━━━━━ Records supplied

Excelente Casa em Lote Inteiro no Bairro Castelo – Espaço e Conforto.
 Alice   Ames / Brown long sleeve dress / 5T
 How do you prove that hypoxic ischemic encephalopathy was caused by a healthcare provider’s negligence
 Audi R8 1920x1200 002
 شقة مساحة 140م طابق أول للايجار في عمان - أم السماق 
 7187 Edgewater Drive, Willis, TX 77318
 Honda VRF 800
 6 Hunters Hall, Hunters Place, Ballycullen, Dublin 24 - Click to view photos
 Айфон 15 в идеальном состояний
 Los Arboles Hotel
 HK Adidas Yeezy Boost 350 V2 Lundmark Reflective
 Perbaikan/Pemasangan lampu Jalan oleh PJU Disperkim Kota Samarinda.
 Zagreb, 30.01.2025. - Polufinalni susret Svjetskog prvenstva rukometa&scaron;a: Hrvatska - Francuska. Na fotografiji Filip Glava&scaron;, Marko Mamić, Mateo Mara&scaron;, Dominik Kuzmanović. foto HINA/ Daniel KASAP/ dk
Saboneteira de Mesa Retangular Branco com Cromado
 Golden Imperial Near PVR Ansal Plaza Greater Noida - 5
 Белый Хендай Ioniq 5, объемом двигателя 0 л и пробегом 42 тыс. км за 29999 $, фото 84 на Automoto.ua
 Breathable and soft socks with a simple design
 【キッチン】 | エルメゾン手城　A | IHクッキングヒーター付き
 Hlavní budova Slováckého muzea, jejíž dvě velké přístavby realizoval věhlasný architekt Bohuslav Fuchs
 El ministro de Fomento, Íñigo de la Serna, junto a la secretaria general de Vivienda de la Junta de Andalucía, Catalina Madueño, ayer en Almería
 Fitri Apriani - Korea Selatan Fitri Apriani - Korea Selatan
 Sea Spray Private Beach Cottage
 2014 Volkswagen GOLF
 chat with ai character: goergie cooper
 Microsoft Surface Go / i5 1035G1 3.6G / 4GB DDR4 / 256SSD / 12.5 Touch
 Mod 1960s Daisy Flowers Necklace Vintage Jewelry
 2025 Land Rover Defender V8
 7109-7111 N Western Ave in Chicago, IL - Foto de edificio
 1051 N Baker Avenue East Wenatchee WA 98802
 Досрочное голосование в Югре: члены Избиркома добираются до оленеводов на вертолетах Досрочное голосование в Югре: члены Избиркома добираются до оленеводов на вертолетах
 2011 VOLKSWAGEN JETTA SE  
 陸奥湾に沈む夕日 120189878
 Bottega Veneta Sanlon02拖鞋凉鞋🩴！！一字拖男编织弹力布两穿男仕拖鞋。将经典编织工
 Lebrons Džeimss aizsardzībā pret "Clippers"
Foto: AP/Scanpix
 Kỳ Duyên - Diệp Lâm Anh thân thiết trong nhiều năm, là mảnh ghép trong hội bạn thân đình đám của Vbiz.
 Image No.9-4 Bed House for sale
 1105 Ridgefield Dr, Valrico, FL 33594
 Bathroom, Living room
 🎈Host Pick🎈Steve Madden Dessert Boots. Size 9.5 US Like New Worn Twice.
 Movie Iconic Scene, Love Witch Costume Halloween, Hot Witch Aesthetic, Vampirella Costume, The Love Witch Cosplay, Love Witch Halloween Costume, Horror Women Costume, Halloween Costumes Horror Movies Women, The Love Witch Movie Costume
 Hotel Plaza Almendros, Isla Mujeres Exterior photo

━━━━━━━━━━

Quote the records from their first line to the line with "chat with ai character: goergie cooper", inclusive, without adding or dropping anything.

Result of this exercise:
Excelente Casa em Lote Inteiro no Bairro Castelo – Espaço e Conforto.
 Alice   Ames / Brown long sleeve dress / 5T
 How do you prove that hypoxic ischemic encephalopathy was caused by a healthcare provider’s negligence
 Audi R8 1920x1200 002
 شقة مساحة 140م طابق أول للايجار في عمان - أم السماق 
 7187 Edgewater Drive, Willis, TX 77318
 Honda VRF 800
 6 Hunters Hall, Hunters Place, Ballycullen, Dublin 24 - Click to view photos
 Айфон 15 в идеальном состояний
 Los Arboles Hotel
 HK Adidas Yeezy Boost 350 V2 Lundmark Reflective
 Perbaikan/Pemasangan lampu Jalan oleh PJU Disperkim Kota Samarinda.
 Zagreb, 30.01.2025. - Polufinalni susret Svjetskog prvenstva rukometa&scaron;a: Hrvatska - Francuska. Na fotografiji Filip Glava&scaron;, Marko Mamić, Mateo Mara&scaron;, Dominik Kuzmanović. foto HINA/ Daniel KASAP/ dk
Saboneteira de Mesa Retangular Branco com Cromado
 Golden Imperial Near PVR Ansal Plaza Greater Noida - 5
 Белый Хендай Ioniq 5, объемом двигателя 0 л и пробегом 42 тыс. км за 29999 $, фото 84 на Automoto.ua
 Breathable and soft socks with a simple design
 【キッチン】 | エルメゾン手城　A | IHクッキングヒーター付き
 Hlavní budova Slováckého muzea, jejíž dvě velké přístavby realizoval věhlasný architekt Bohuslav Fuchs
 El ministro de Fomento, Íñigo de la Serna, junto a la secretaria general de Vivienda de la Junta de Andalucía, Catalina Madueño, ayer en Almería
 Fitri Apriani - Korea Selatan Fitri Apriani - Korea Selatan
 Sea Spray Private Beach Cottage
 2014 Volkswagen GOLF
 chat with ai character: goergie cooper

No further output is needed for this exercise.